How can I show that $\langle v , w \rangle = \lambda \langle d {\Phi}_p(v) , d {\Phi}_p(w) \rangle$ for any $\lambda \in \mathbb{R}$?

Question

Let $S$ and $S'$ be two surfaces and let $\Phi : S \to S'$ be a diffeomorphism.

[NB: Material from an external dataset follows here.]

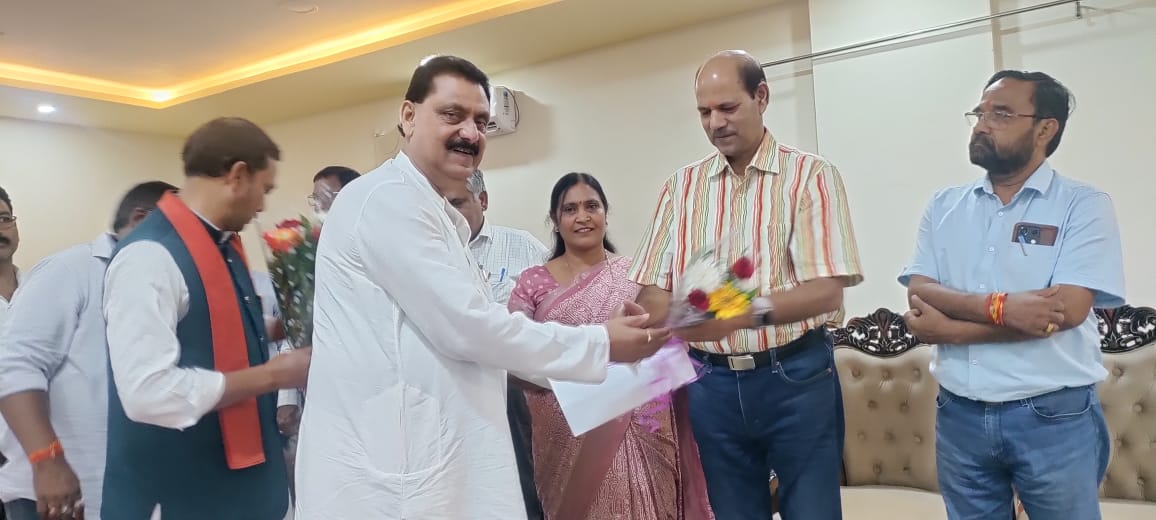 समाज के हितार्थ अनेकों मांगों को लेकर आयोग के अध्यक्ष को ओबीसी महासभा ने सौंपा ज्ञापन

We suppose that $\Phi \circ \alpha$ is a geodesic in $S'$ for all geodesic $\alpha$ in $S$. If $S$ is connected and $\Phi$ is a conformal mapping, how can I show that there exists $\lambda \in \mathbb{R}$ such that $$ \langle v , w \rangle = \lambda \langle d {\Phi}_p(v) , d {\Phi}_p(w) \rangle \tag{1} $$ for all $p \in S$ and for each $v , w \in T_pS$? Since it is conformal mapping, then there exists $\lambda : S \to (0 , \infty)$ such that $$ \langle d {\Phi}_p(v) , d {\Phi}_p(w) \rangle = \lambda(p) \langle v , w \rangle\mbox{.} $$ Thus a way to show (1) is see that $\lambda$ is a constant function using that $S$ is connected and using that $\Phi$ transforms geodesic in $S$ to geodesics in $S'$. Is it possible to do this?

Answer 1

If $c,\ d$ are unit speed geodesic s.t. $c(0)=d(0)$ and $ c'(0)\perp d'(0)$, then $ \angle\ c(-t)d(t)c(t)$ goes to $\frac{\pi}{2}$.

If $C,\ D$ are images of $\Phi$, then assume that $|C'|=a,\ |D'|=b$. If $a=b$, then we are done. If not, consider $\angle\ C(-t)D(t) C(t)$ which does not go to $\frac{\pi}{2}$. It is a contradiction, since $\Phi$ is conformal.